====== The data

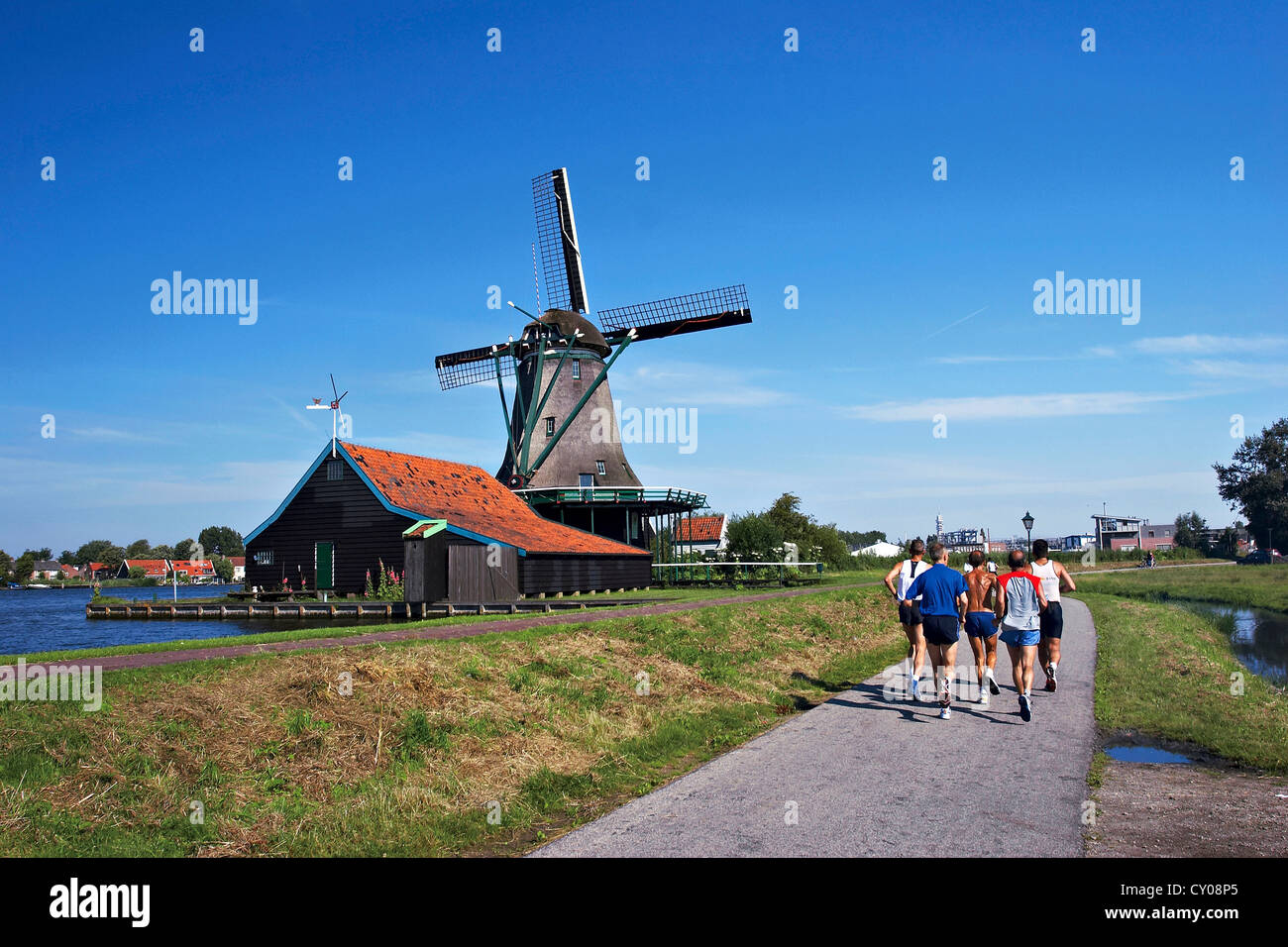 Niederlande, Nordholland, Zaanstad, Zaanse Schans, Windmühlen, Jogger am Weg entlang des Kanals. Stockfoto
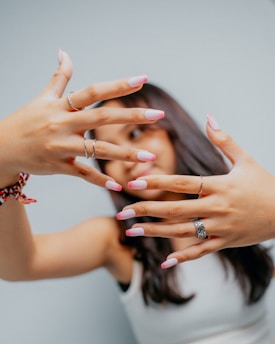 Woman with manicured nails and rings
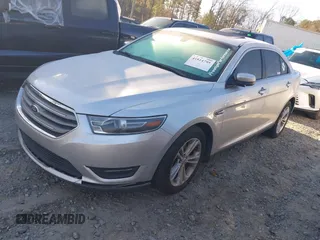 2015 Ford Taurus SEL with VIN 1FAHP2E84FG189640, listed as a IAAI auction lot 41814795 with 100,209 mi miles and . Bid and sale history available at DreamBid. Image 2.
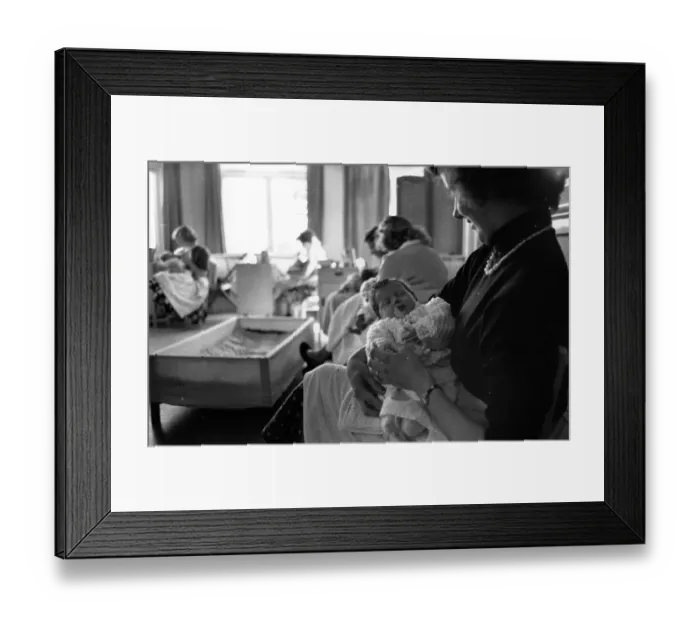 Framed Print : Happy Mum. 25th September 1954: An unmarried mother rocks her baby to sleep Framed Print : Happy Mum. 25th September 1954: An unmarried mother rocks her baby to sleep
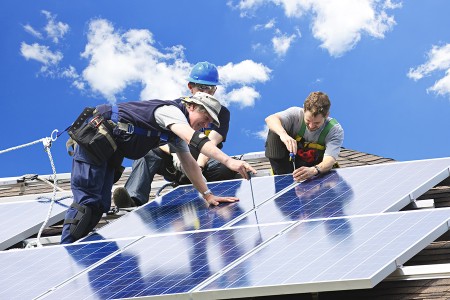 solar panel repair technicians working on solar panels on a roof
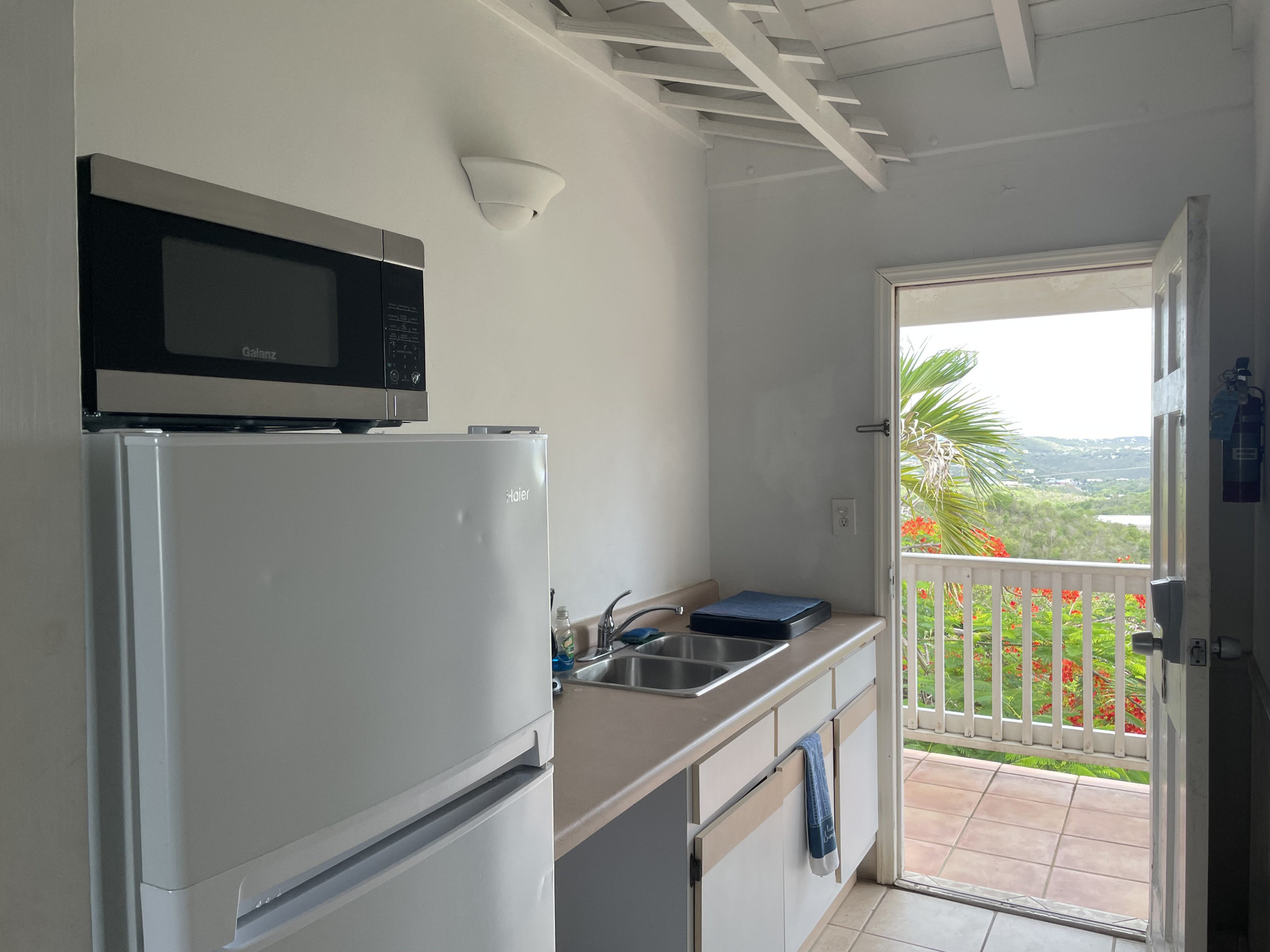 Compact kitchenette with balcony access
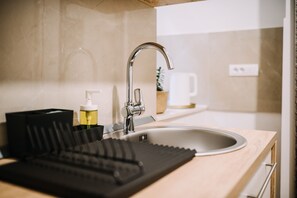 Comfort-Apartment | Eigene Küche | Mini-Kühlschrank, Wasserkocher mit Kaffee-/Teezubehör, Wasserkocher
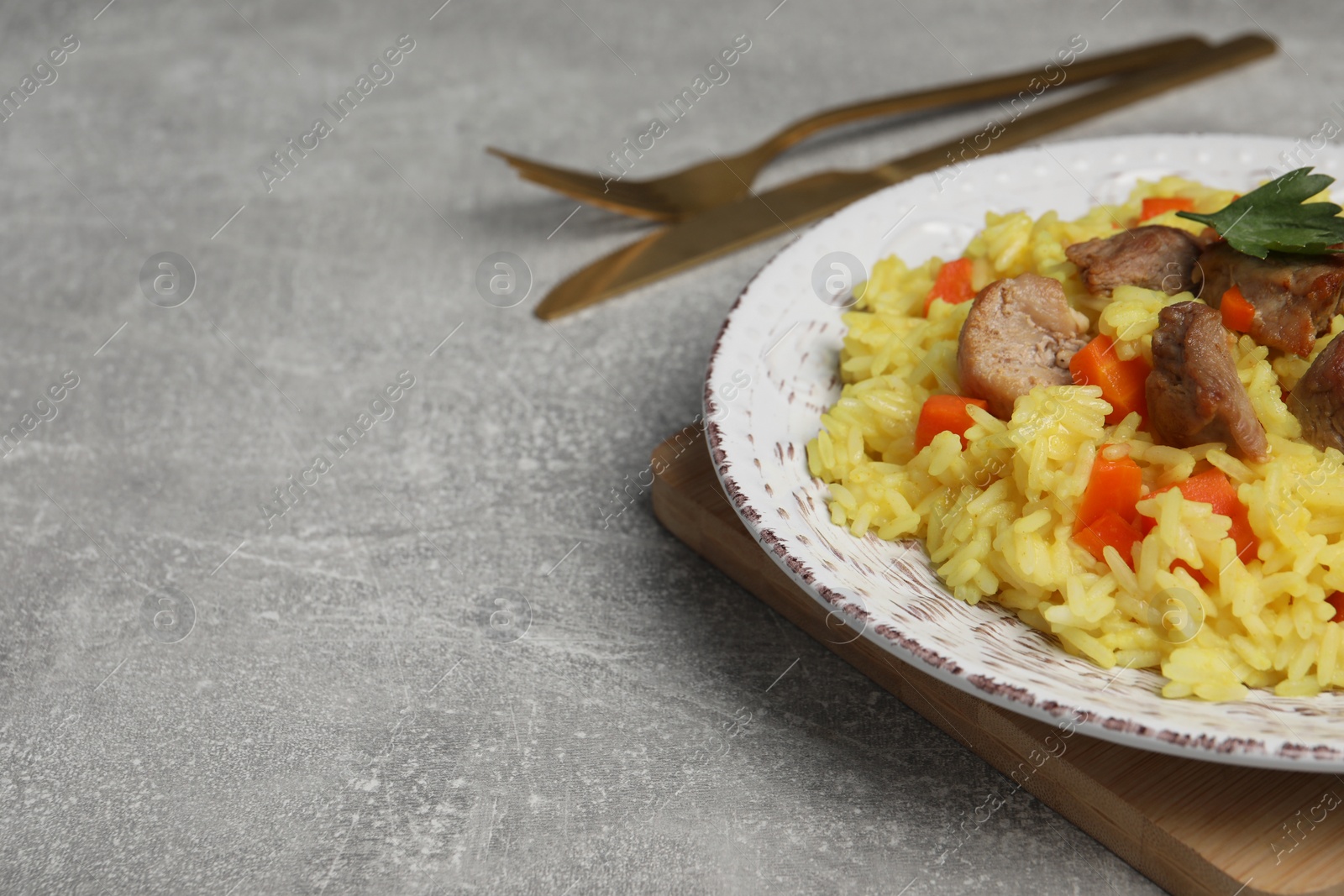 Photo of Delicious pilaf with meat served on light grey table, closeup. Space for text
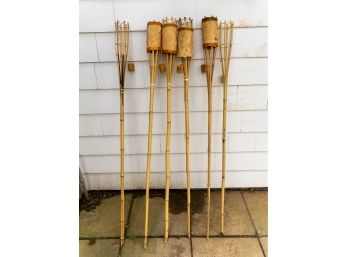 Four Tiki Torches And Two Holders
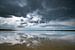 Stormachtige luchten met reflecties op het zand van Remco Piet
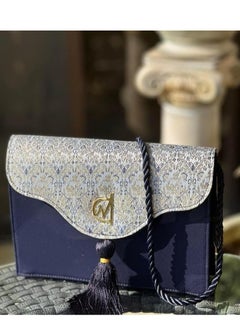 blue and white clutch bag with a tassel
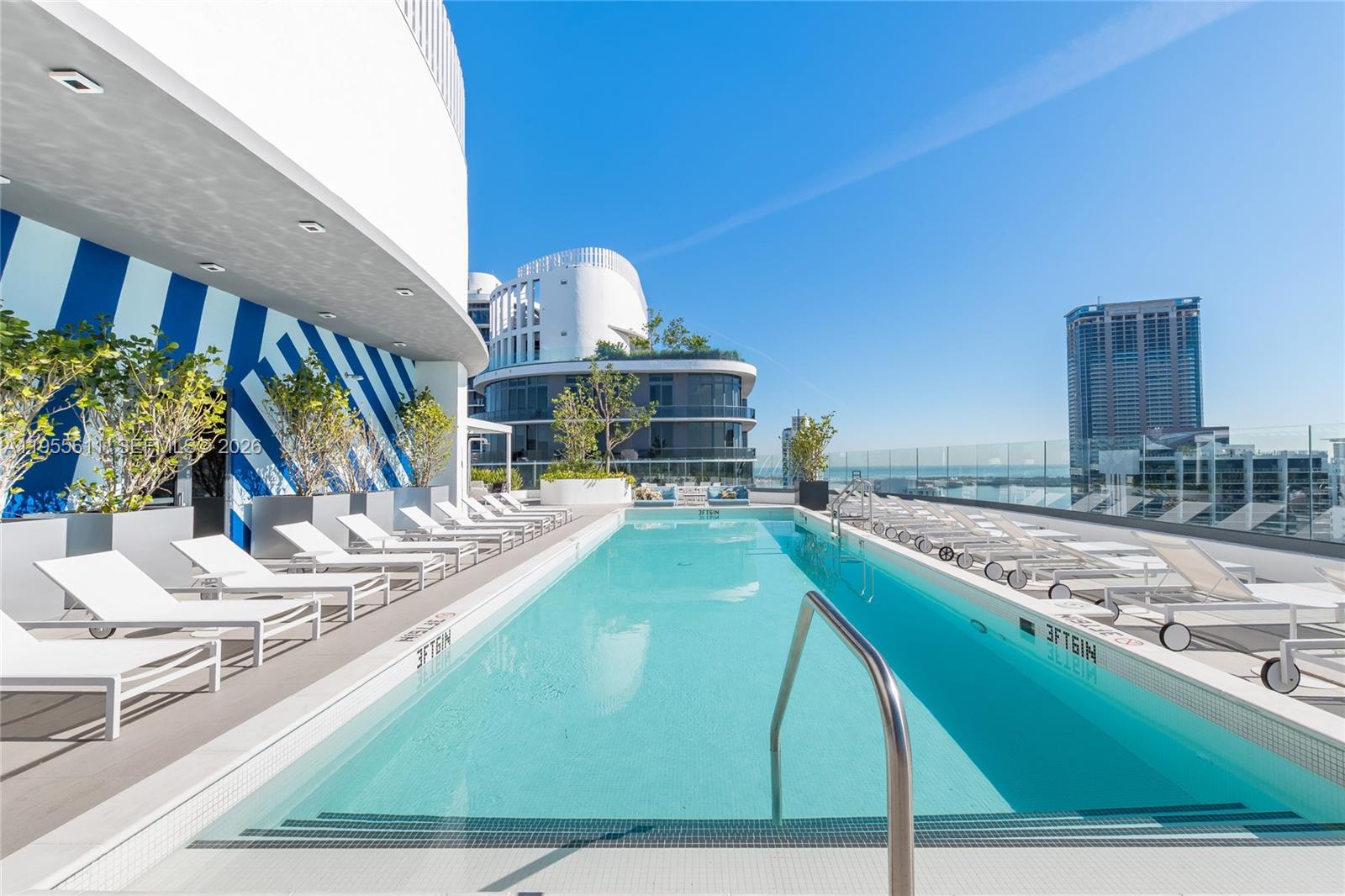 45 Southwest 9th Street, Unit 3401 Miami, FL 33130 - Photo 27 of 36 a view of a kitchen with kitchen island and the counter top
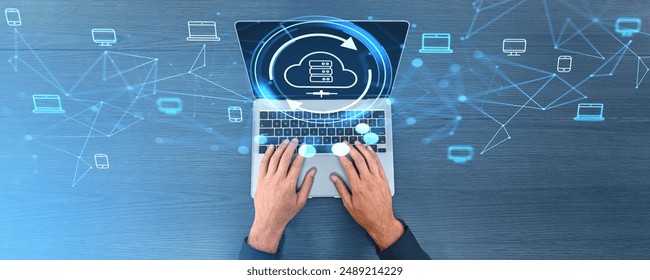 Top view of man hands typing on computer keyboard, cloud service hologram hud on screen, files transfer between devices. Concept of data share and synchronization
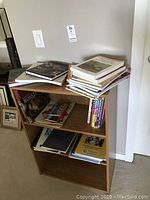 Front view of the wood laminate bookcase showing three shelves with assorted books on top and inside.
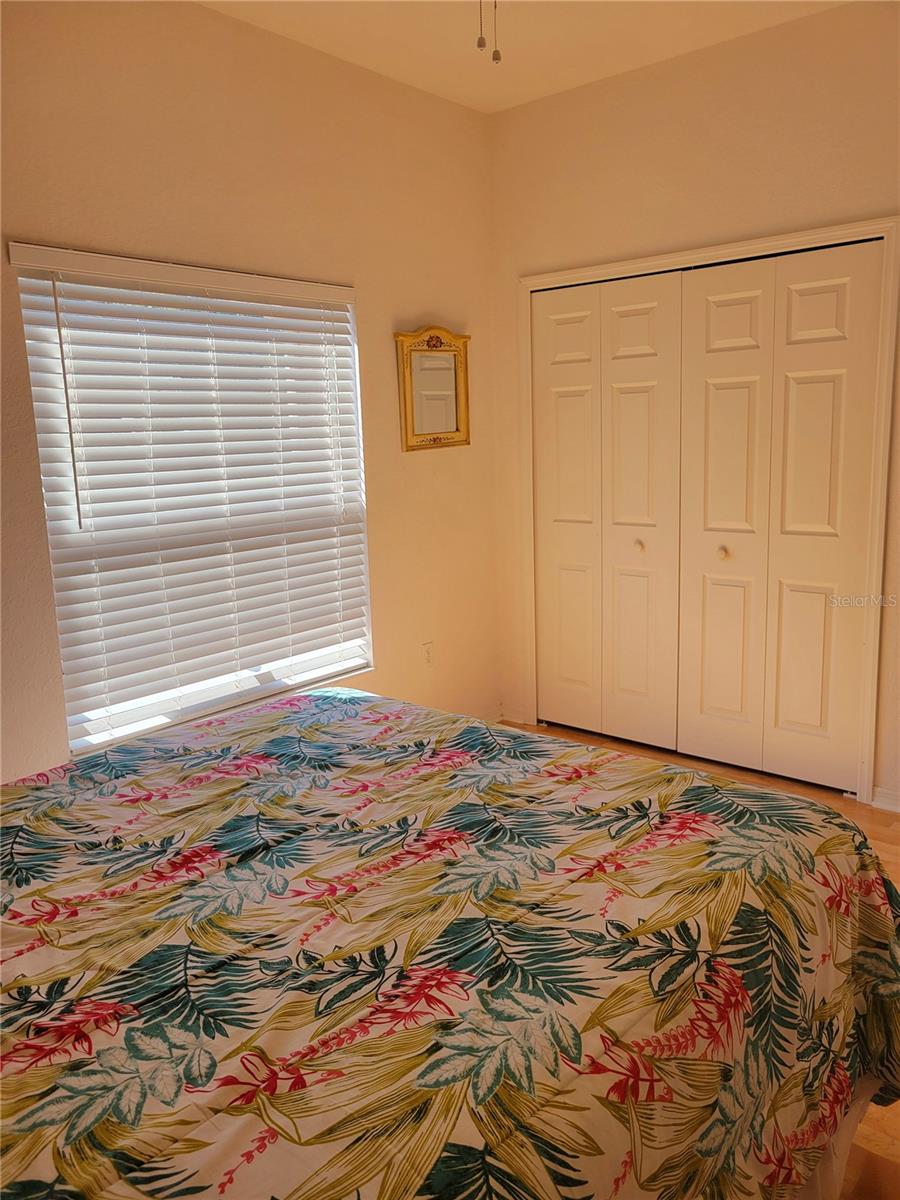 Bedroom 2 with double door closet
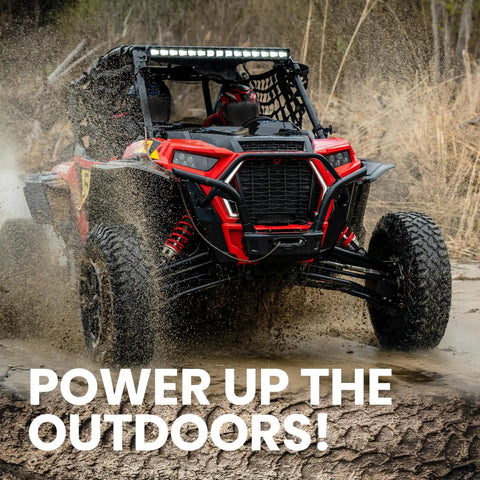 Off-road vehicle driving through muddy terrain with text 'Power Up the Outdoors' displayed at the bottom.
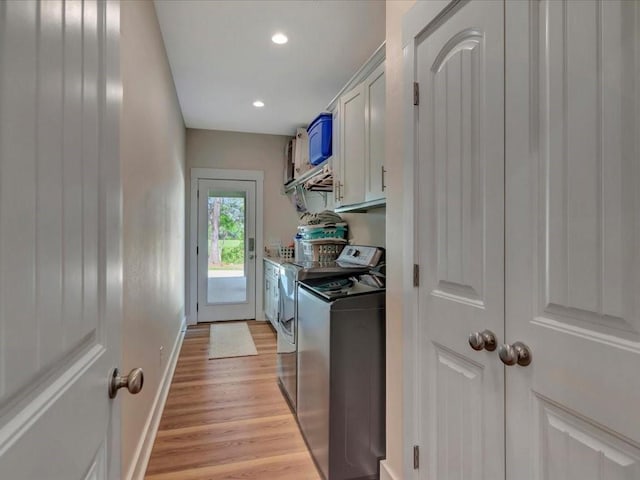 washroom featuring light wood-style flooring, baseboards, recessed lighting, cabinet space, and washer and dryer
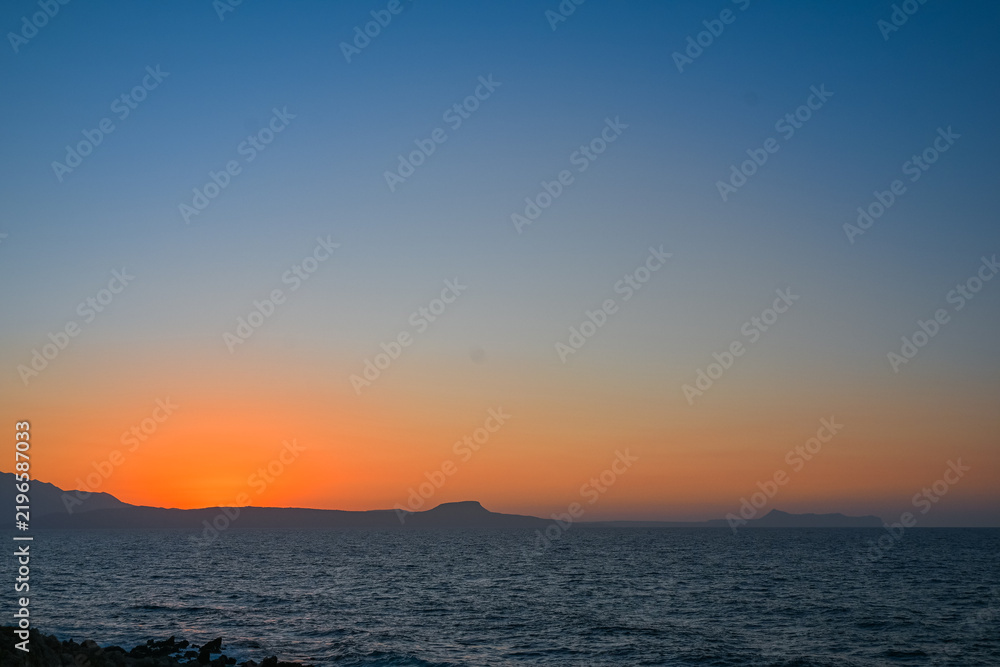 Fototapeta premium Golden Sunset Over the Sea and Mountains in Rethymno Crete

============

Write out exactly the lines beginning with the line that holds "washroom featuring light" and ending with the final line of the data, both ends included, without the pictures.

 washroom featuring light wood-style flooring, baseboards, recessed lighting, cabinet space, and washer and dryer
 Fototapeta premium Golden Sunset Over the Sea and Mountains in Rethymno Crete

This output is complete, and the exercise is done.